3.1 Univariate Optimizations

Optimization and root finding are closely related. Consider maximization of a smooth and differentiable function \(g(x)\). A necessary condition at the maximum is \(f(x) = g'(x) = 0\). Univariate illustrations help to gain insights about the ideas.

3.1.1 Bisection Method

The bisection method repeatedly bisects an interval and then selects a subinterval in which a root must lie for further processing. It is a very simple and robust method, but relatively slow.

The method is applicable for solving the equation \(f(x) = 0\) for the real variable \(x\), where \(f\) is a continuous function defined on an interval \([a, b]\) and \(f(a)\) and \(f(b)\) have opposite signs. This method is illustrated with an animation using the package animation (Xie 2018).

animation::bisection.method()

3.1.2 Newton’s Method

A fast approach to find roots of a differentiable function \(f(x)\). The methods starts from some initial value \(x_0\), and for \(t = 0, 1, \ldots\), compute \[\begin{align*} x_{t+1} = x_t - \frac{f(x_t)}{f'(x_t)} \end{align*}\] until \(x_t\) converges. The method is based on a linear expansion of \(f(x)\). The method is also known as Newton–Raphson iteration. It needs an initial value \(x_0\). If \(f(x) = 0\) has multiple solutions, the end result depends on \(x_0\).
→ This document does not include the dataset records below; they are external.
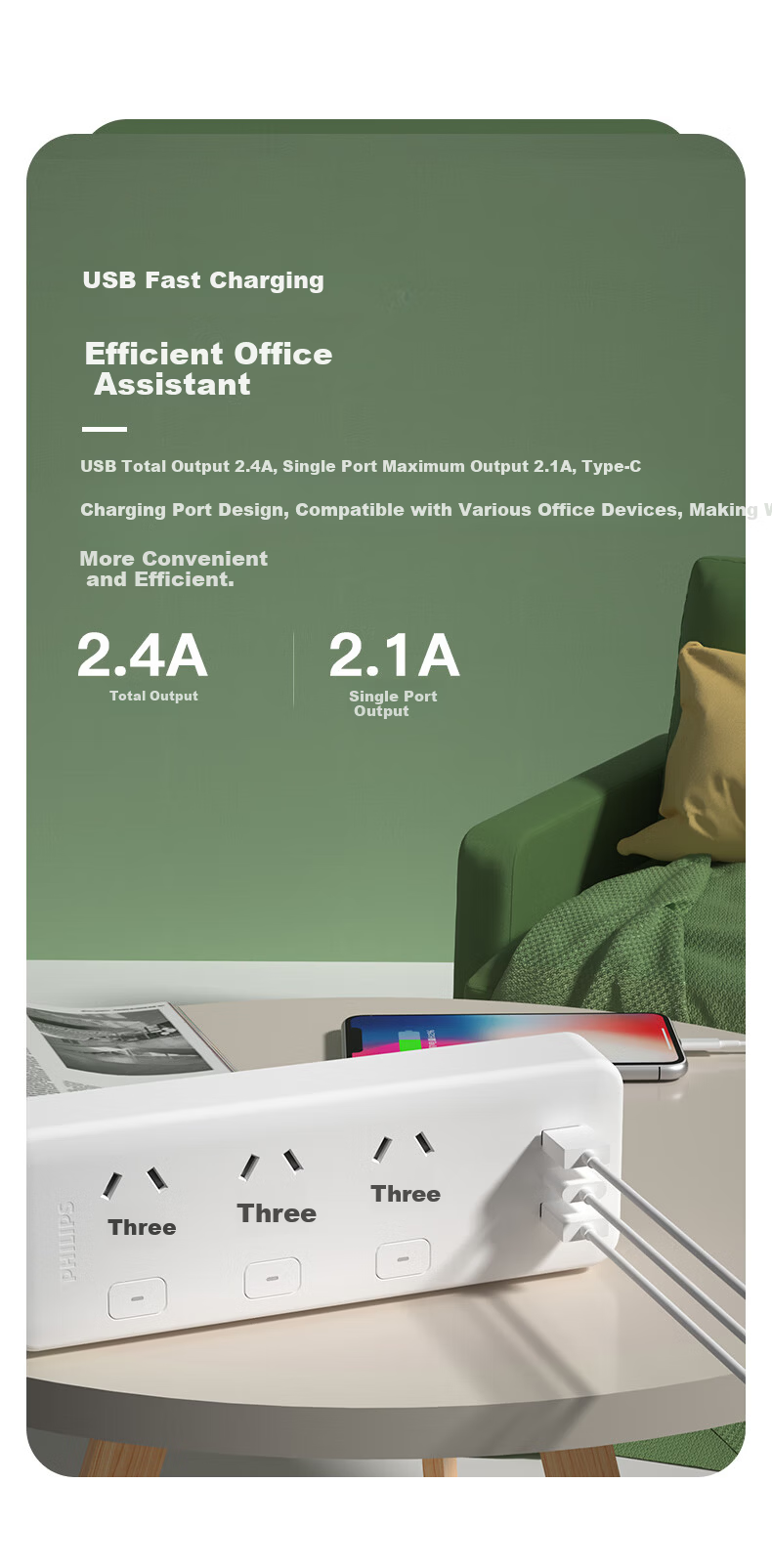 PHILIPS 30W GaN Fast Charging Surge-Protected Power Strip 6-Outlet Combo with Master Control 1.8m High Power Protection Extension Cord 4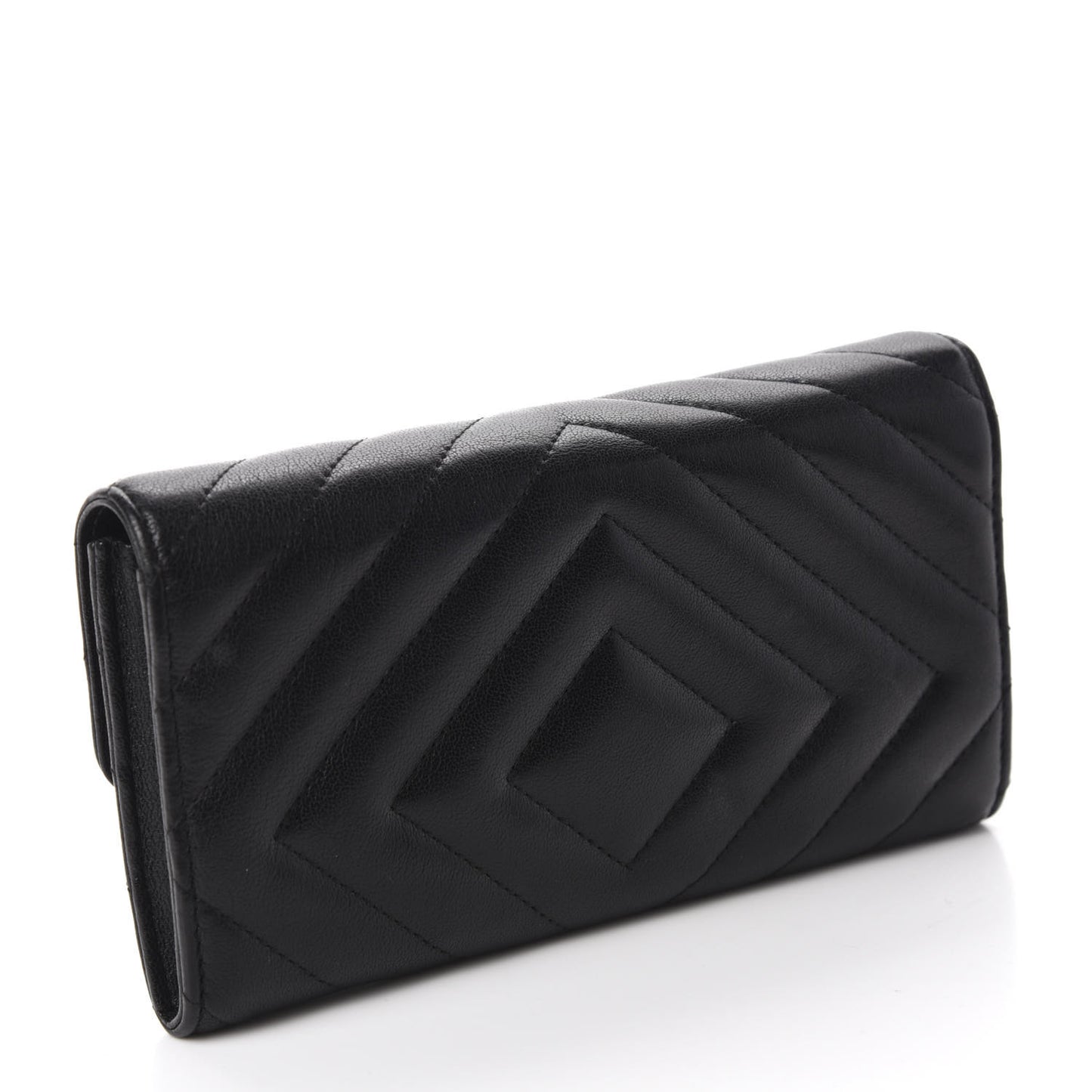 Sheepskin Chevron Quilted 2.55 Reissue Flap Wallet So Black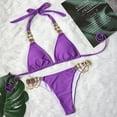 thumbnail image 4 of ENJOYW 2Pcs/Set Split Bikini Solid Color Faux Crystal Sexy Adjustable Pure Color Swimwear for SwimmingSpandex,Nylon, 4 of 7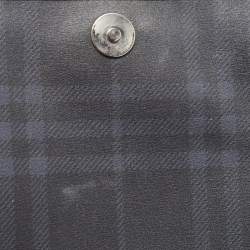 Pre Owned Burberry Black Beat Check Coated Canvas and Leather Flap Shoulder Bag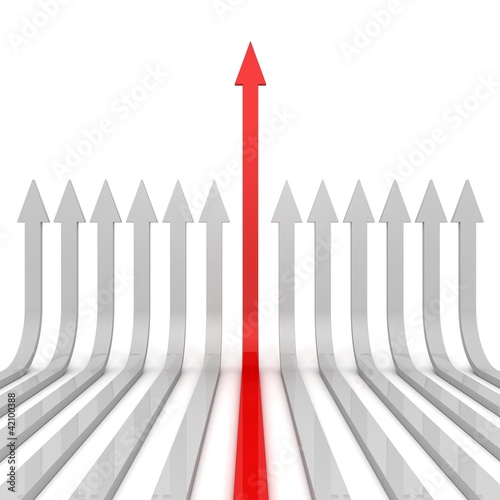 Success red arrow leader gr...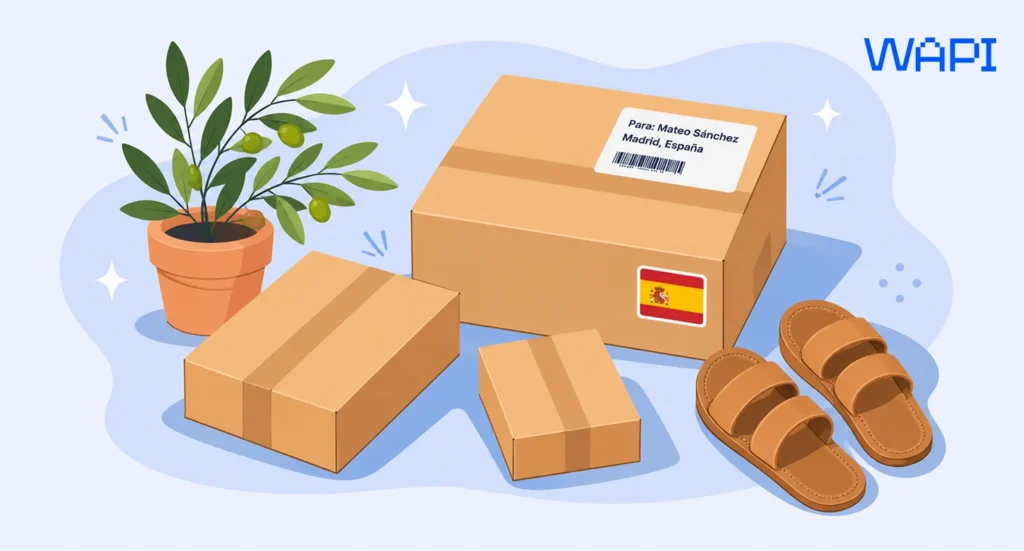 Parcels prepared for delivery to Madrid, Spain with a Spanish flag label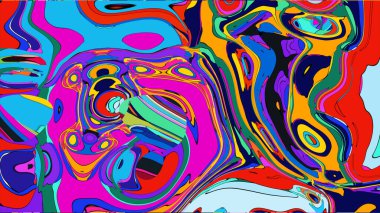 Artistic abstract illustration, showcasing vibrant paint and hypnotic motion.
Applied to optimization of \(g\), this method requires the Hessian \(g''\), which can be difficult to obtain, especially for multivariate functions. Many variants of Newton’s method avoid the computation of the Hessian.

For example, to obtain MLE with likelihood \(l(\theta)\), Fisher scoring replaces \(-l''(\theta_t)\) with \(I(\theta_t)\). Generally, one uses Fisher scoring in the beginning to make rapid improvements, and Newton’s method for refinement near the end.

The secant method approximates \(f'(x_t)\) by \[\begin{align*} \frac{f(x_t) - f(x_{t-1})}{x_t - x_{t-1}}. \end{align*}\] Given initial values \(x_0\) and \(x_1\), the iteration is \[\begin{align*} x_{t+1} = x_t - \frac{f(x_t)(x_t- x_{t-1})}{f(x_t) - f(x_{t-1})}. \end{align*}\]

3.1.3 Fixed Point Iteration

A fixed point of a function is a point whose evaluation by that function equals to itself, i.e., \(x = G(x)\).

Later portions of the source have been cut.